It's fine and easy enough to say you're going to live according to your own principles and not give a damn what anyone says but the practical reality of doing so can be pretty rough. A wealthy widow finds this out when she tries to marry a younger man with a meagre income in 1955's All That Heaven Allows. Directed by Douglas Sirk, the intense Technicolor at work breathes life into a story that would seem otherwise peculiarly tame.
Akira Kurosawa was late to colour film--he didn't make one until the late 60s--and his complaint was that colour films looked like postcards. Maybe he had All That Heaven Allows in mind but I found it absolutely wonderful. There's a world created here, not just with colour but also shadows, I want to crawl into and just relax a while. Look at the powerful blue dress on Agnes Moorehead.

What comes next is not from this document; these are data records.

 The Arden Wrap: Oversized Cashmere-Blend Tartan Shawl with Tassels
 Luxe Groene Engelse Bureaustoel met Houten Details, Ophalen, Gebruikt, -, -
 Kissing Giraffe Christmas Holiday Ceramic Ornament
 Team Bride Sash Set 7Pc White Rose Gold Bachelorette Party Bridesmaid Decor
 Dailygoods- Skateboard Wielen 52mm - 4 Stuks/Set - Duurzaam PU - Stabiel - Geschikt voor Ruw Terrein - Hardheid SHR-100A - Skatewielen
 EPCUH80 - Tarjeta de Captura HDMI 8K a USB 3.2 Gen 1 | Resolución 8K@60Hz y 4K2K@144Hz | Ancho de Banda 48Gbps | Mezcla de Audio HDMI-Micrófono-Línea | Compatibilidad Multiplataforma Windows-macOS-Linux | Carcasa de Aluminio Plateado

She's not the star of the film, she plays the best friend of Cary, played by Jane Wyman, who has two kids in college, the father, Cary's husband, having died a couple years earlier. In the country club social circle, several older men are eager to fill the vacant space in Cary's home. No-one can handle it when Cary chooses her gardener, Ron (Rock Hudson).
Jane Wyman was 38 years old in this movie, which makes the other characters treating her as old seem funny, though it is mentioned in dialogue she had one of her kids at seventeen so it technically adds up. What's really funny about it is how stark an example it provides of Hollywood's weird treatment of women when they hit 35. In 1948, seven years earlier, Wyman won an Academy Award for playing a childlike young woman in Johnny Belinda. In 1950, she played a kid just trying to make her break as an actress in Stage Fright. Five years later, she's an old lady.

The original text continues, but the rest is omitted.